Stern declined to comment in detail on the closed-door deliberations of the group. But he said, "There are some things that are proposed that we just don't think are good ideas."

U.S. stands by its word

The United States is not backing away from the pledge Obama made last year to cut the nation's overall emissions 17 percent compared with 2005 levels, although negotiators from developing countries have asked the administration to provide a more detailed accounting on how it will accomplish that goal. "I'd like the United States to put more on the table in terms of government performance on climate change," said Brazil's environment minister, Izabella Teixeira.

Stern said the United States has no plans to do that. "We're standing behind what we put in last year," he said. "If we don't get there through comprehensive legislation, there's other ways to get there."

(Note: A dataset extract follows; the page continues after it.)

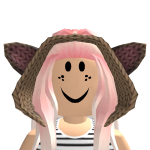 @foxywolf12300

Critics of the United States, such as Bolivia's U.N. ambassador, Pablo Solon, are already preparing to blame Washington for derailing the upcoming talks. "If the U.S. doesn't make any positive move before Cancun, and during Cancun, we will have a big failure in Cancun," he said. "We're going to see how politics in one state is going to define the entire future of humankind. And that's something we cannot accept."

But others, such as Norwegian Minister of the Environment and International Development Erik Solheim, said negotiators from all sides will have to recognize the current political realities in the United States and elsewhere, and strike the most meaningful compromise they can.

"The house cannot be built in one day," Solheim said. "The house has to be built floor by floor."